### [Given records]
——————

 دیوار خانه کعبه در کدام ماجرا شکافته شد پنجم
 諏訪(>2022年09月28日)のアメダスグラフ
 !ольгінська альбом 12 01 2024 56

——————

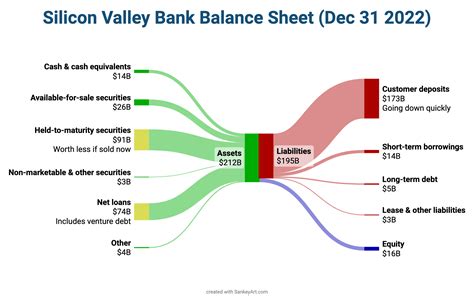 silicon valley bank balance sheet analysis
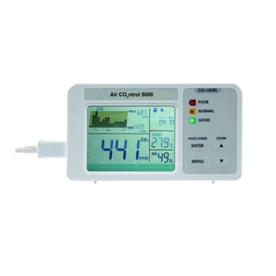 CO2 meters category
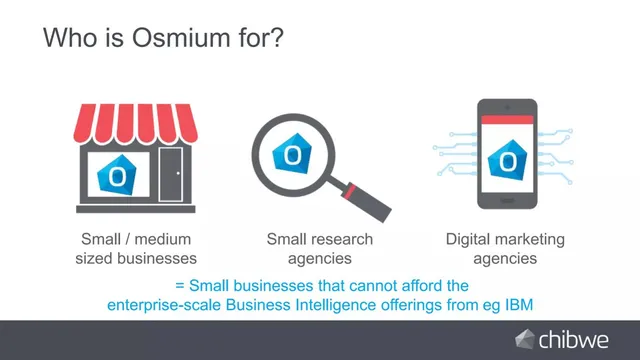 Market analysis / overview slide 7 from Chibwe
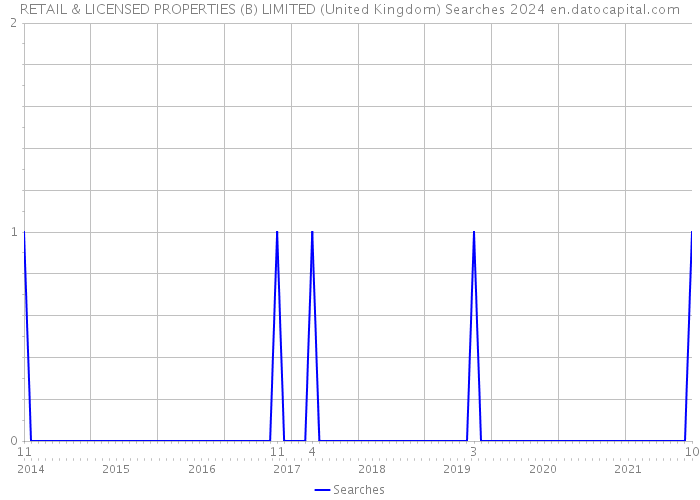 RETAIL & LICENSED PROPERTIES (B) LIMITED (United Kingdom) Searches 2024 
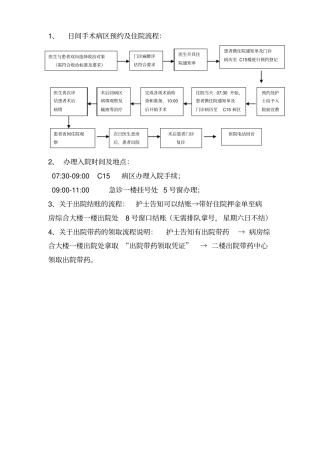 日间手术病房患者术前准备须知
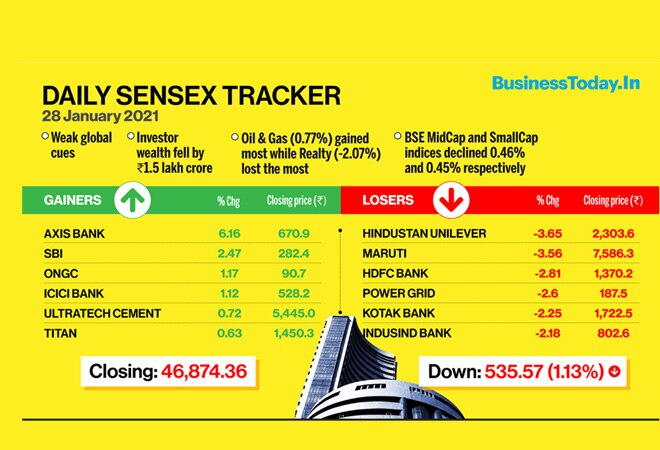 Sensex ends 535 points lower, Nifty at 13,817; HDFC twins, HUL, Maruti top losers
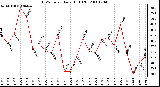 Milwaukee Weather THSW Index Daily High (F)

——————

### [Requirement]
Could you set down, exactly as written, the lines above between the one holding "دیوار خانه کعبه در کدام ماجرا شکافته شد پنجم" and the one holding "12 01 2024 56", inclusive, and nothing more?

### [Solution]
 دیوار خانه کعبه در کدام ماجرا شکافته شد پنجم
 諏訪(>2022年09月28日)のアメダスグラフ
 !ольгінська альбом 12 01 2024 56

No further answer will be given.